Va. city asserts free speech in suit to move ‘Johnny Reb’

Norfolk’s lawsuit employs a relatively novel and untested legal strategy in the federal court system for trying to remove a Confederate monument, legal experts say. The main legal question in this case is whether cities have free speech rights.
The city filed suit Monday in a U.S. District Court in Norfolk and targets a Virginia law that prevents the removal of war memorials. The suit claims infringement of the First Amendment because the city is being forced to project a message it no longer supports.
“The purpose of this suit is to unbuckle the straitjacket that the Commonwealth has placed the city and the city council in,” Norfolk argues in its complaint. “Because the monument is the city’s speech, the city has a constitutional right to alter that speech, a right that the Commonwealth cannot take away.”
Norfolk owns the monument, which includes a statue of a Confederate soldier nicknamed “Johnny Reb,” as well as the seal of the Confederacy. The Council voted in 2017 to move the monument to a cemetery.
Built in 1907, the monument was one of many erected across the southern United States between 1890 and 1919, well after the Civil War’s 1865 conclusion. The Reconstruction era had ended. And an interpretation of that war that historians call the Lost Cause had emerged that romanticized the South and de-emphasized slavery.

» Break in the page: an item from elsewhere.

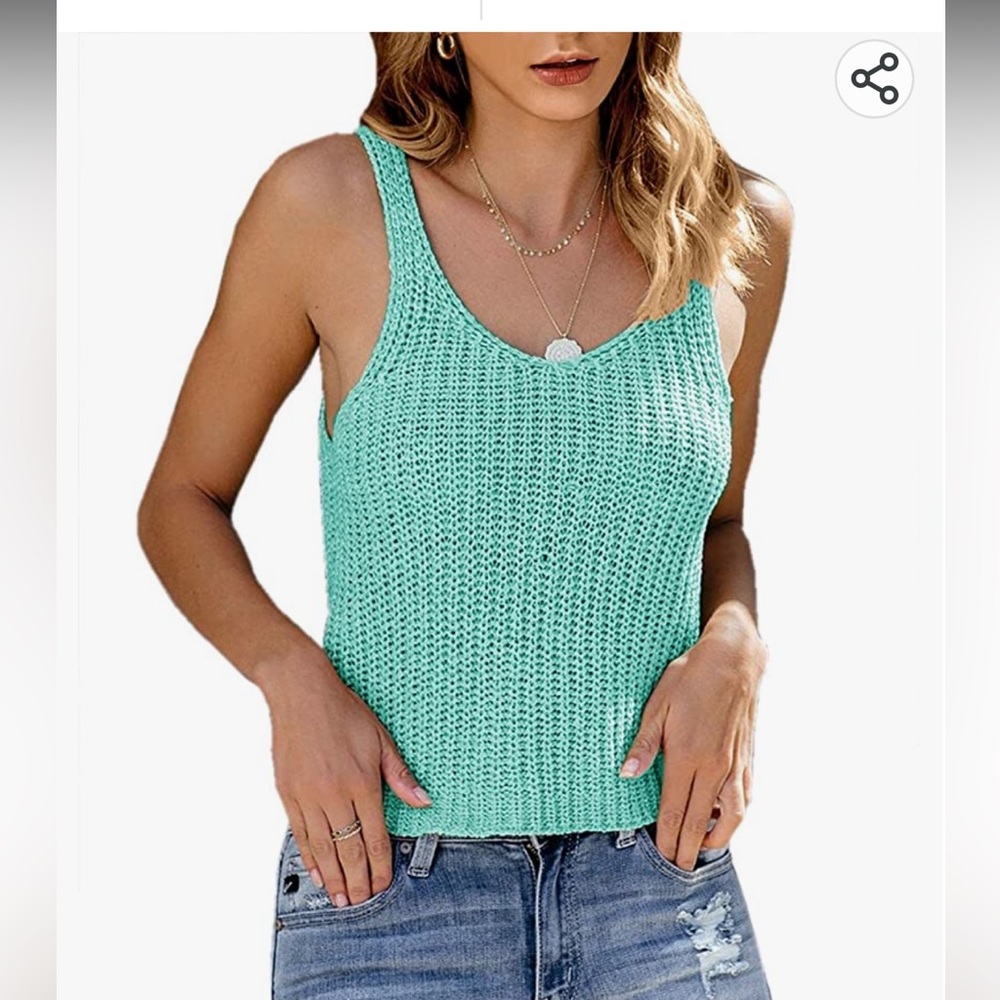 Crochet blue tank top. Women’s small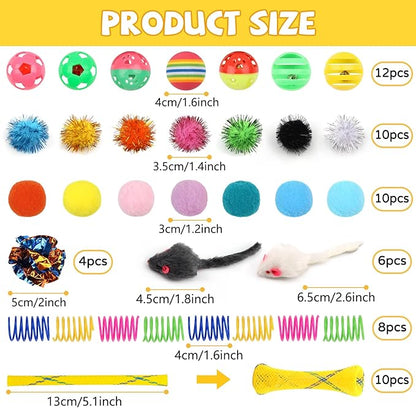 Kitten Toys, Cat Mouse Toy, Kitten Sparkle Crinkle Balls Furry Soft Pom Pom - Image 3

The defendants in Norfolk’s suit are the state of Virginia, state Attorney General Mark Herring and Norfolk Commonwealth’s Attorney Gregory Underwood. The offices of Herring and Underwood did not immediately respond to emails seeking comment.
University of Virginia law professor Richard C. Schragger said Norfolk’s lawsuit makes a relatively “novel legal claim that hasn’t been tested in federal court yet.”
Schragger said Tuesday that there is legal precedent for the free speech rights of corporations. But he said on the federal level, “it’s not entirely clear that a city can bring a First Amendment claim against a state.”